Re: What do you know about Blackstar amps ?
Well here's the deal. Most of the time people offer opinions on Blackstars, their experience is with the low wattage models. They are really great by the way, but you don't hear as much about the 60-100w combos and heads, nor do you hear much about the Series One or Artisans.
I have an HT100 that's been with me for over a year. I've been lucky enough to have been able to play the Series One 100, Artisan 15 and 30. First off, the Series One is just incredible and a cut above everything else. The Artisan series is also very good but not going to have that kind of versatility. A Series One head can sound good at all volume levels because it has this great power reduction features that lowers it all the way from 100 to 10 watts.
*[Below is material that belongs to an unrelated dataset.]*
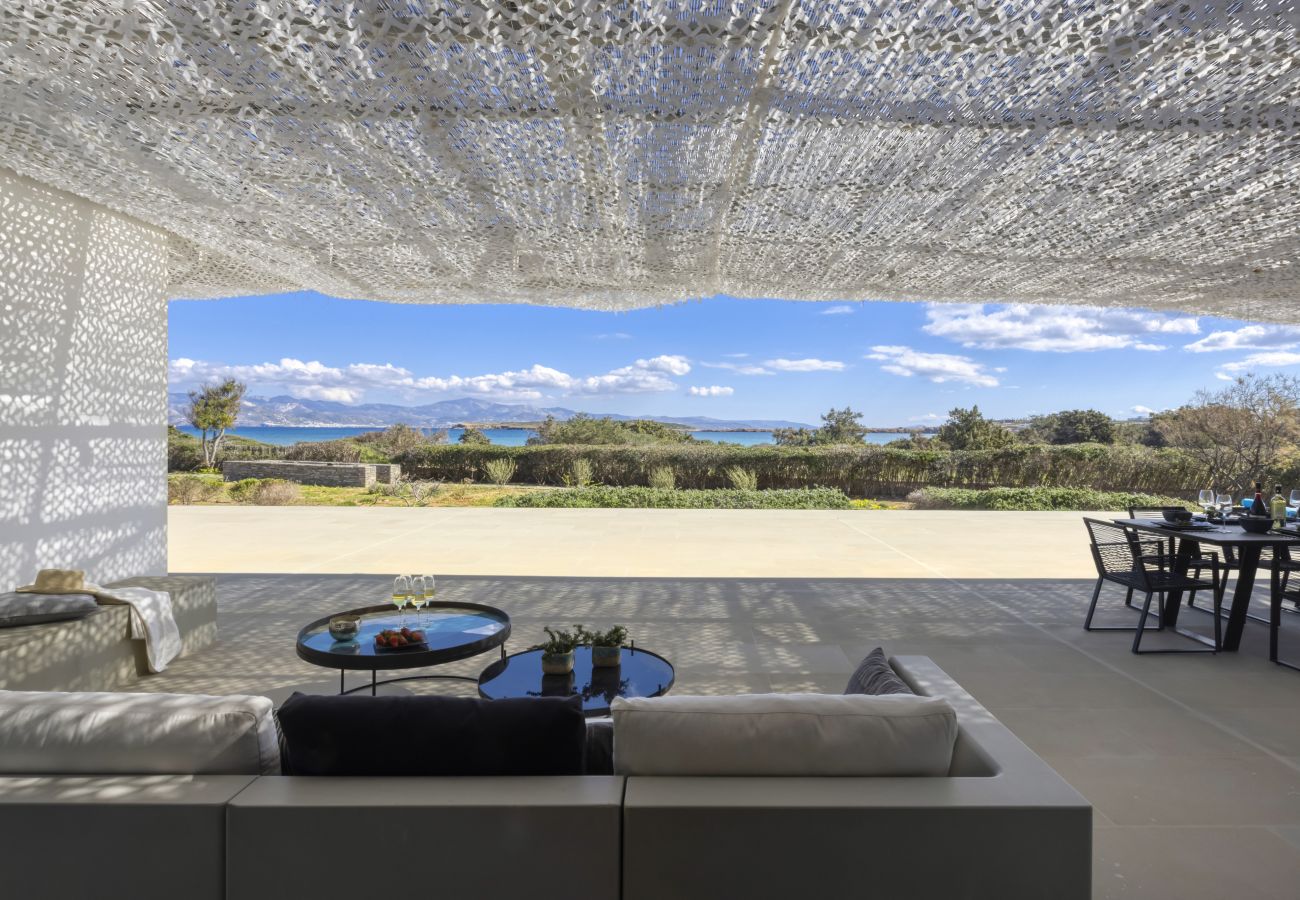 Villa in Santa Maria - Luxuriousness and Coastal Design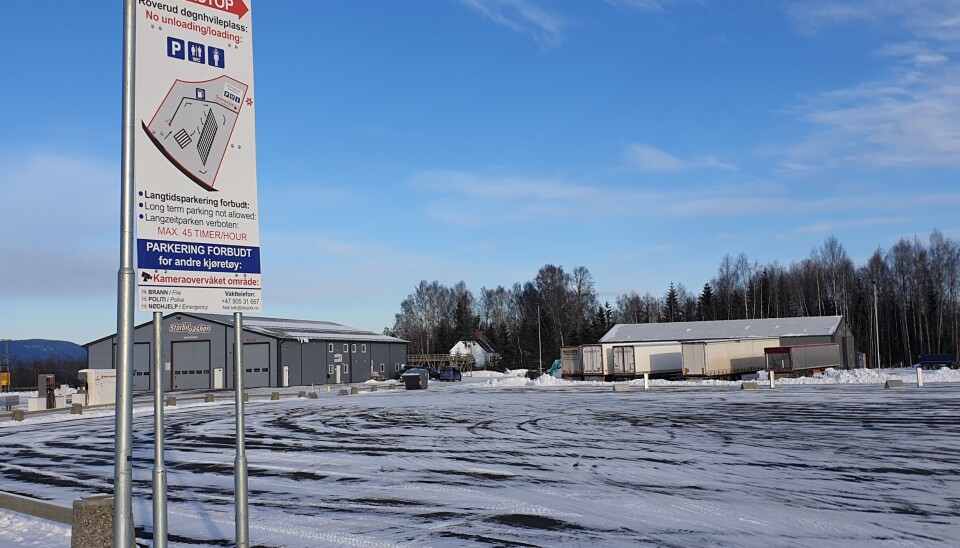 Døgnhvileplassen på Roverud nord for Kongsvinger er klar for å ta imot tungbilsjåførene. Plassen åpnet 1. februar.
The Series One has a great sounding natural overdrive that has some overtones between a Marshall JCM 800, Vox AC30, and even a DSL when you make it real overdriven. It would be wrong of me not to mention how great the clean tone is also.
The Artisan series kind of reminds me of Vox amps, and I find that they have to be very loud to get really great tone. The Artisan 15 is pretty good at lower volumes but it's a huge combo for a 15 watt amp. They have awesome clean and classic rock sounds right out of the box.
The HT100 I have is a great sounding amp. People say the cleans are great and all that, and they pretty much are, but it's not on the level of Mesa Boogie or Fender. To stay really clean you have to leave the voicing off which gives you a dry kind of clean that's not really fluid and doesn't feel alive. It's better with the voice switch on but it's clean like a plexi is clean when it gets loud.
It has 2 overdrives. The first one is very versatile from anything to classic rock to heavy metal, but it's not real fluid for solos because like the clean channel, it feels kind of dry. It makes and incredible rhythm channel and is great for blues leads. OD2 is kind of like a DSL in that it has a nice saturated and fluid overdrive with more presence than OD1.
It's a dark sounding amp by nature, but there are enough controls to give you a ton of flexibility. It's supposed to go from a British sound to a Mesa Boogie sound with the ISP dial, but it sounds British both ways to me.
It has great definition and nuance that you usually find in boutique amps, but it doesn't have the natural brightness and aliveness you get in boutique amps. For the price you pay, it's an incredible deal and believe me when I tell you that you can drop them and abuse them and they will still work.
Then you have the low wattage Blackstars which are just really great sounding all the way through. They don't have the power or punch that the high wattage models do, but they're good as far as the volume knob lets you go.